Scientists are working feverishly to improve tornado forecasts and warnings, and extend lead times, but the challenge is daunting.
Forecasters must keep an eye on 100,000 thunderstorms that form in the U.S. each year, of which just 1,000 spawn tornadoes (1 percent). Of those 1,000 tornadoes, just one may reach the intensity of the Moore, Okla. twister (0.01 percent of tornadoes reach level 5 on the 0-5 Enhanced Fujita scale).
Doppler radar has brought about dramatic improvements in tornado detection, but it’s often difficult to ascertain tornado intensity from radar and false alarm rates are high. Radar can detect which storms are spinning, but they can’t affirmatively determine if a tornado is on the ground in most instances (unless there is an obvious debris ball signature). For every four tornado warnings issued in the U.S., only about one actual tornado touches down.
Last year, Capital Weather Gang’s Jack Williams profiled the cutting edge VORTEX2 research program, which is exploring the question why some rotating or “supercell” thunderstorms produce tornadoes and some don’t. Scientists involved with the project, set to finish around 2017, are optimistic it will advance predictions.

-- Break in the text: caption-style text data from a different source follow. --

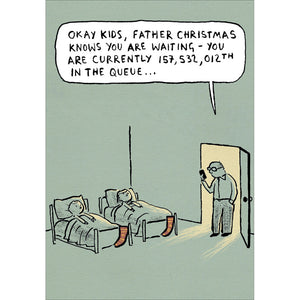 Woodmansterne In The Queue Christmas Card image 0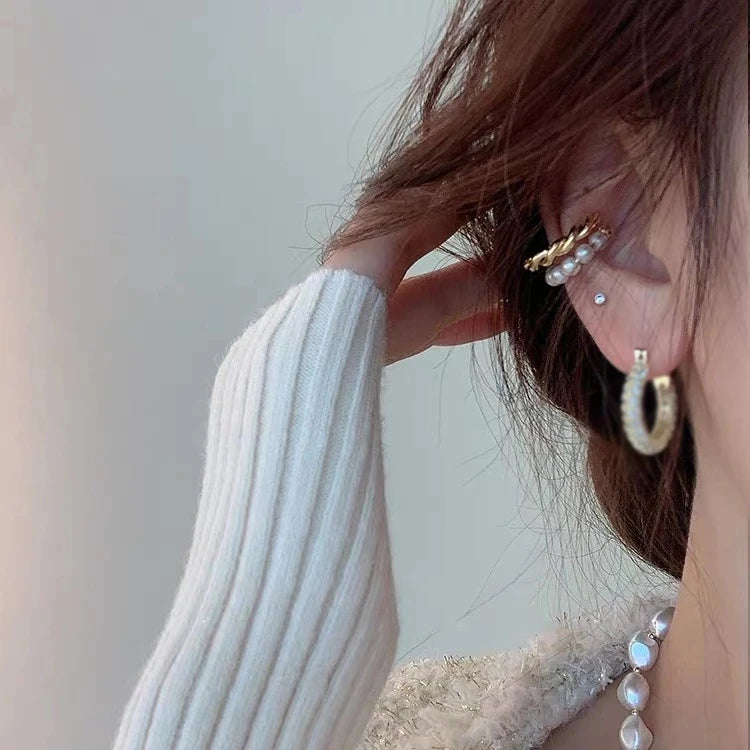 Double Circle Twist Pearl Ear Cuff Vintage Geometric Circle Earcuff Fake Piercing Pearls Clip on Earings-Dollar Bargains Online Shopping Australia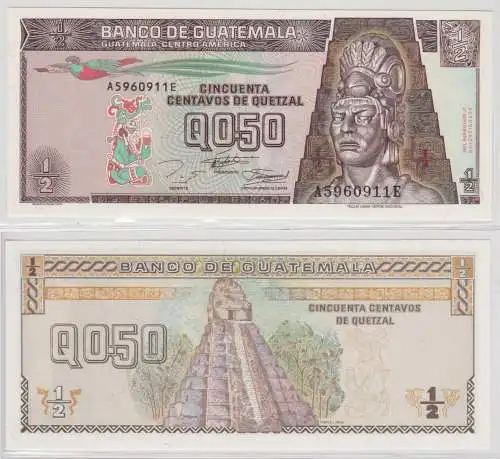 1/2 Quetzal Banknote Guatemala 27.09.1994 bankfrisch UNC Pick 86 (154699)
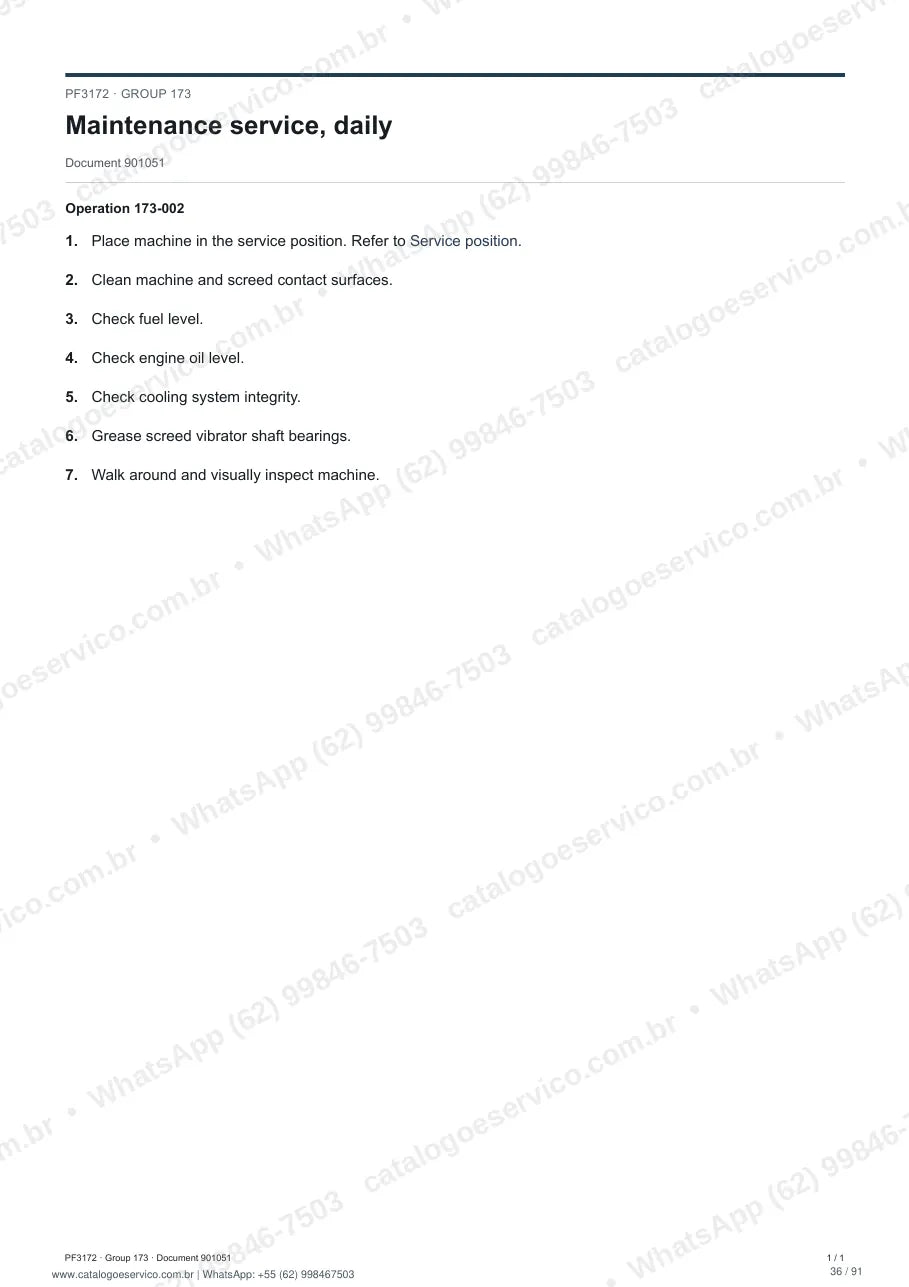 Manual de serviço Volvo PF3172: página de procedimento com texto e figura (2)
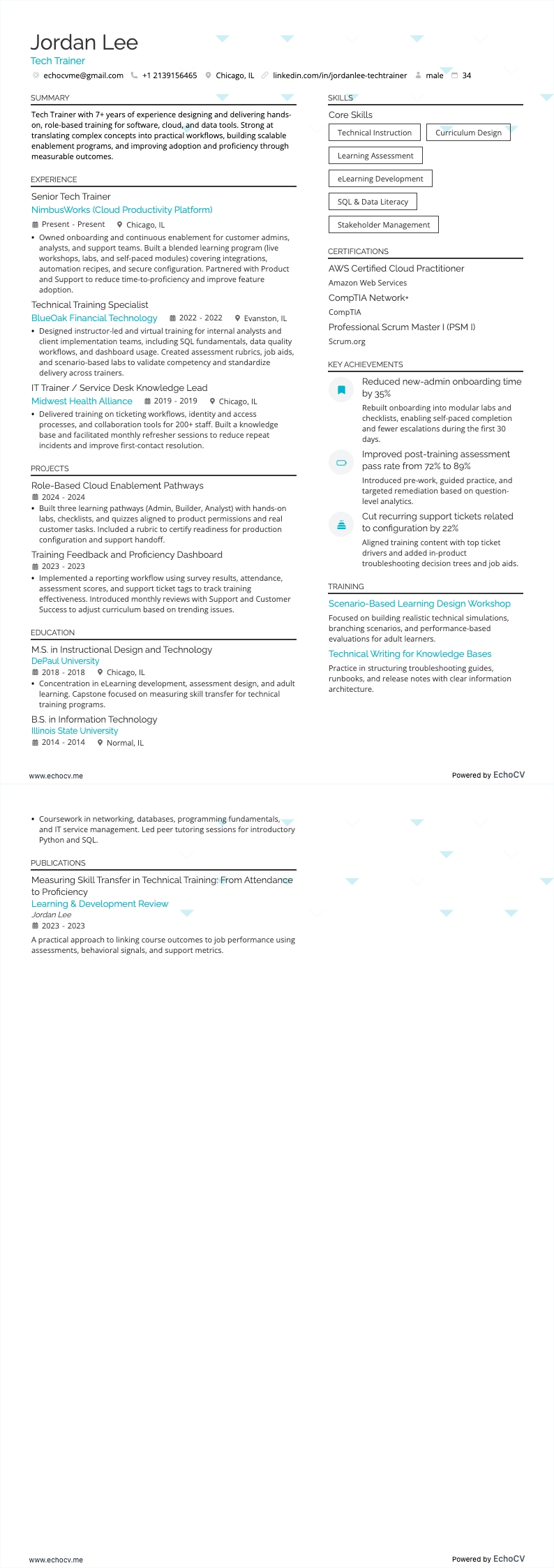Tech Trainer example resume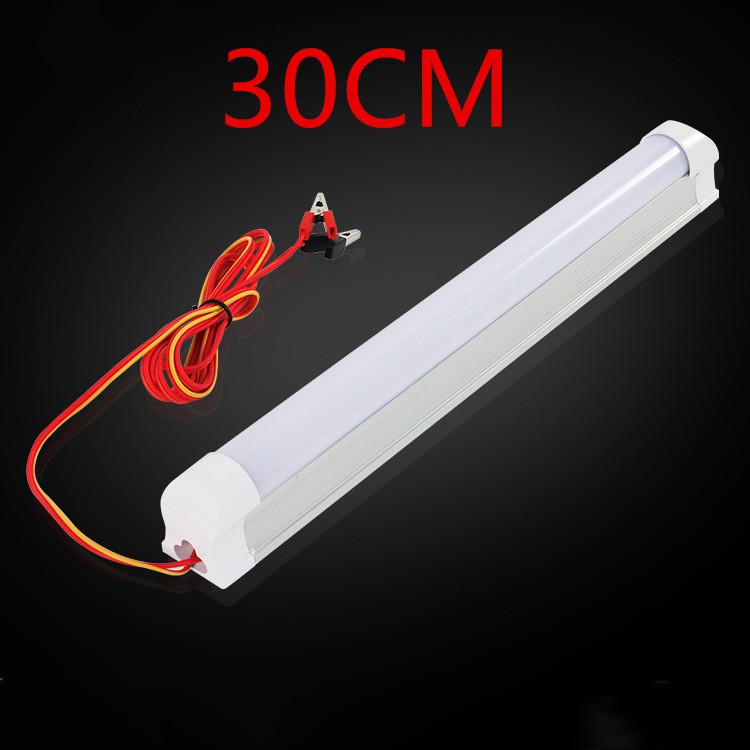 Luoben LED 12V พร้อมสาย ปากคีบแบต LED T8 12V DC ขนาด 5Watt 30 cm.สายยาว1.5เมตร
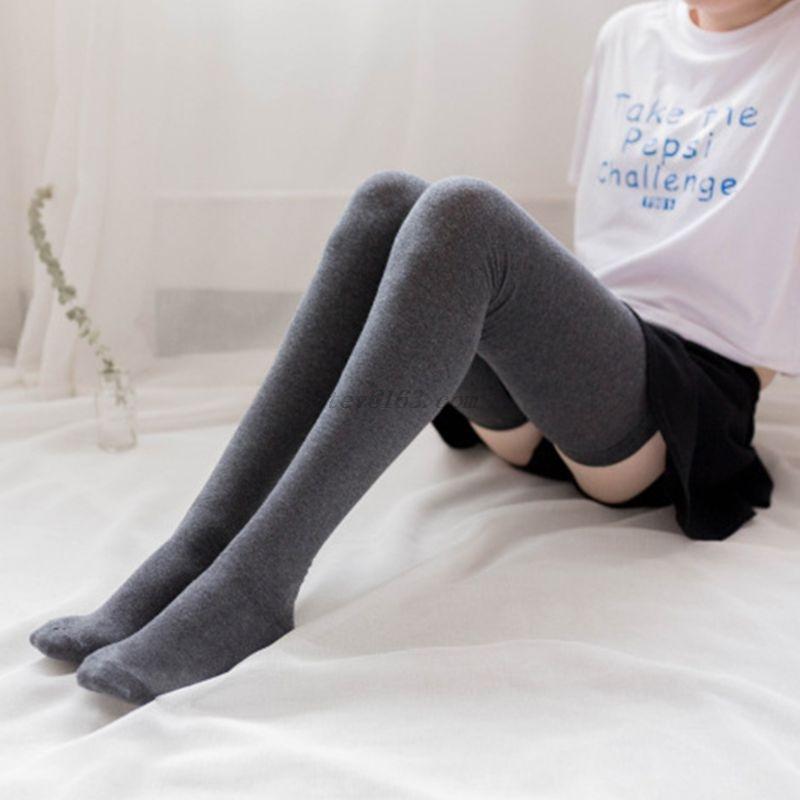 

Womens Winter Extra Long Cotton Thigh High Stockings Solid Color Elastic Rib Top Over the Knee Boot Student, White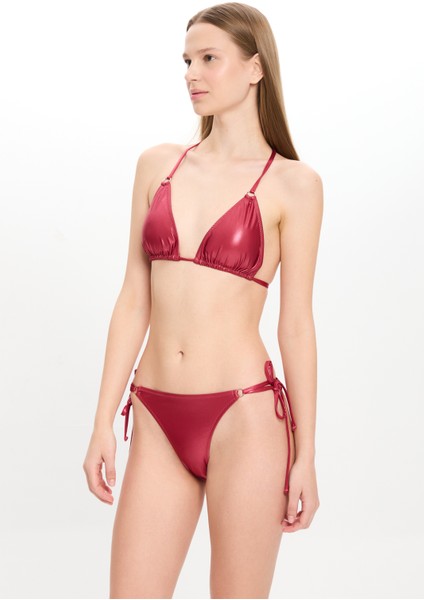 Kadın Deri Görünümlü Küçük Üçgen Bikini Takımı 25SW027ST modelleri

Williams writes:
Josh Wurman, one of the eight scientists on the VORTEX2 steering committee, says that in addition to increasing the warning time from today’s average of 13 minutes before a tornado hits a particular community to 20 or 30 minutes, VORTEX2 might help push the false alarm rate from the current 70 percent down to 50 percent or lower
Cliff Mass, a professor of atmospheric science at the University of Washington, believes the most promise for gains in tornado prediction lies in powerful supercomputer model simulations, which knowledge gained from projects like VORTEX2 could feed into.
“There IS the potential for major forecasting advances in the period from 1 to roughly 6 hours before the storm, if we can run models with enough resolution and can get enough information to describe the initial 3D atmosphere with lots of detail,” Mass writes in his blog.

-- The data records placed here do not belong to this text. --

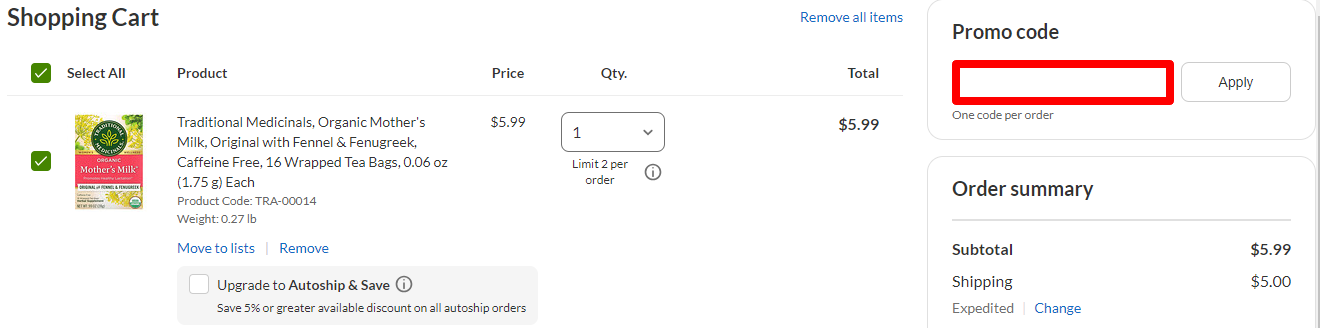iHerb promo code box marked in red where customers put their code for it to be redeemed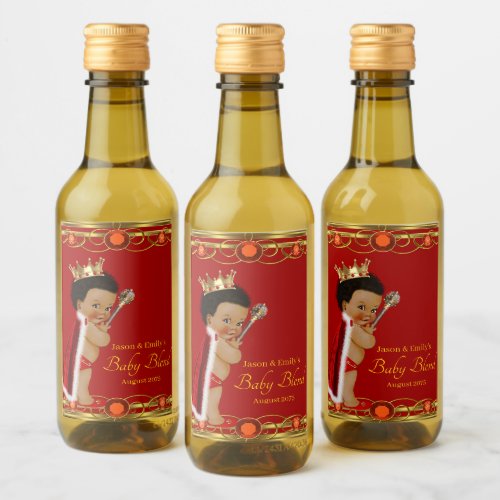Red Gold Prince Mini Wine Bottle Labels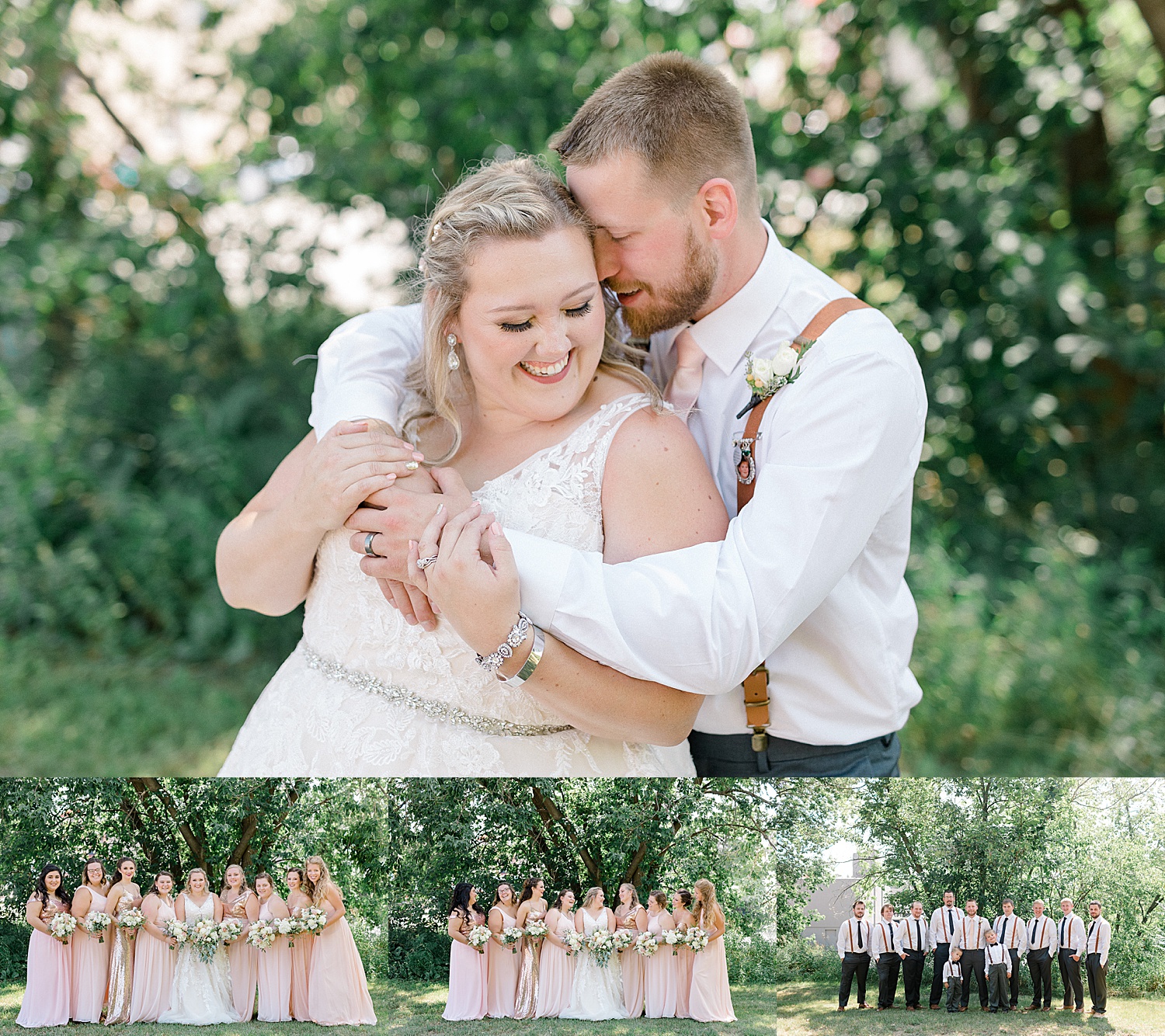 bride and groom with wedding party at chase on the lake wedding venue wearing blush pink accents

Mass concludes: “Skillful 1-6 hr forecasts are potentially achievable since the forecasts are short enough that the growth in forecast error is modest. And a few hour warning of a major storm allows sufficient time to evacuate folks from areas which severe weather is probable.”
As we reported last week, a tenfold boost in the muscle of the National Weather Service’s supercomputers is in the pipeline thanks to an infusion of funds from Hurricane Sandy relief legislation. Louis Uccellini, director of the National Weather Service, said this ramp-up in computer power will enhance the resolution of its so-called “convective allowing models” which simulate thunderstorms.

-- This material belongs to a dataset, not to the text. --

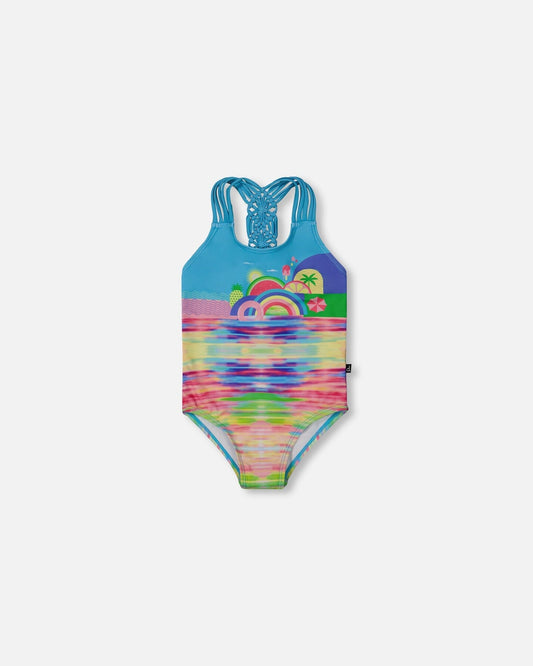 Printed One-Piece Swimsuit Multicolored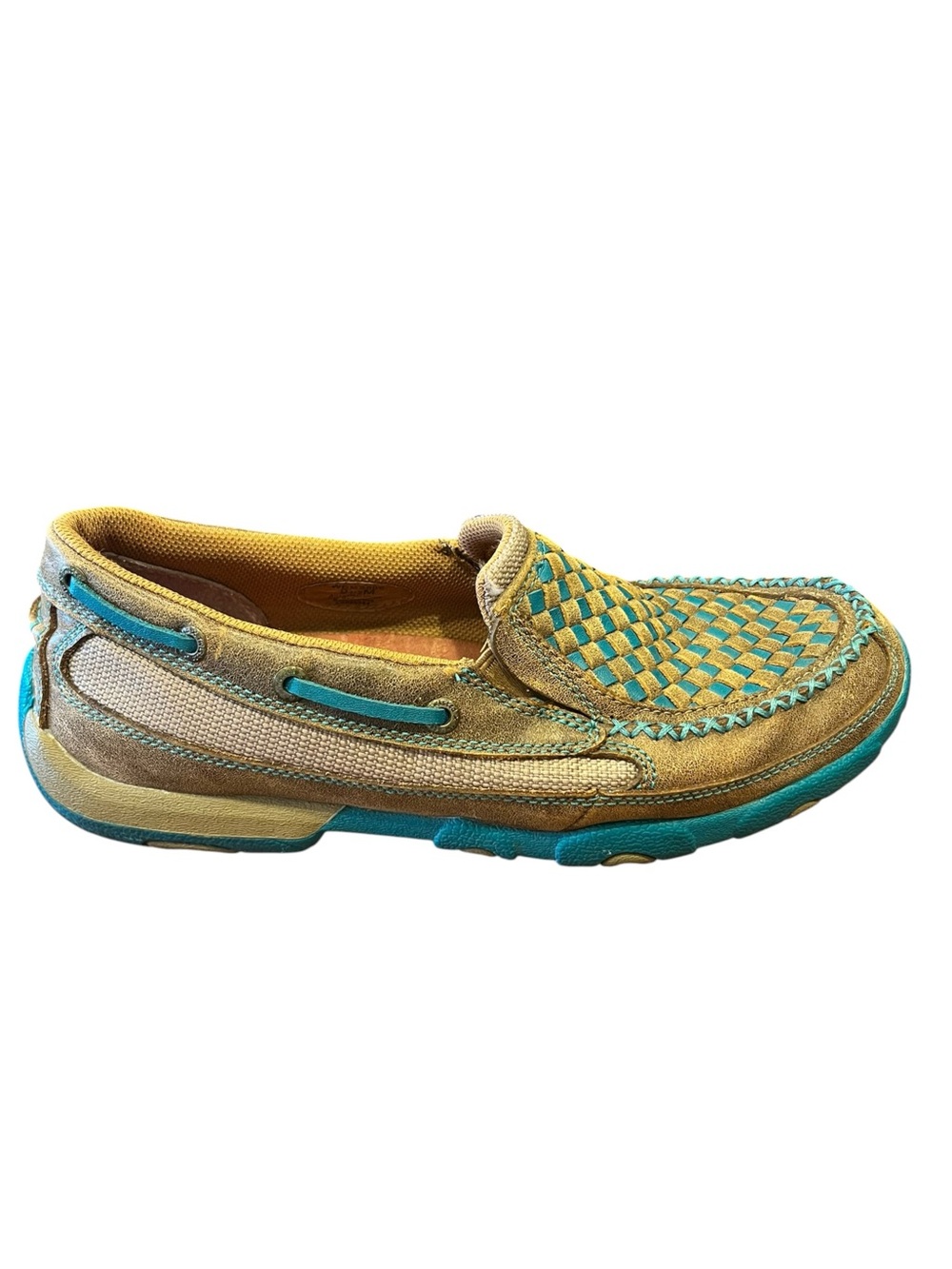 TWISTED X Brown/Turquoise Slip On Driving Mocs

Irrespective of forecasting improvements, tornadoes will continue to pose major societal challenges in future years and decades. Even if lead times improve dramatically, allowing people to evacuate vulnerable areas, will they heed warnings? What’s an optimal lead time? Is there such thing as too much lead time?
And, of course, even if improved forecasts and warnings help get people out of harm’s way, growing populations, wealth and infrastructure will cause damage costs to escalate when violent tornadoes strike. The NY Times’ Andrew Revkin explores some of these difficult issues in his insightful blog post: A Survival Plan for America’s Tornado Danger Zone
Beyond better forecasts and preparation, is there any legitimate form of weather modification to physically destroy a violent tornado before it strikes?
Lots of schemes have been proposed, but there is no serious strategy for this on the table. Think about it: the Moore, Okla. contained the power of multiple nuclear bombs. Good luck defusing such a monster.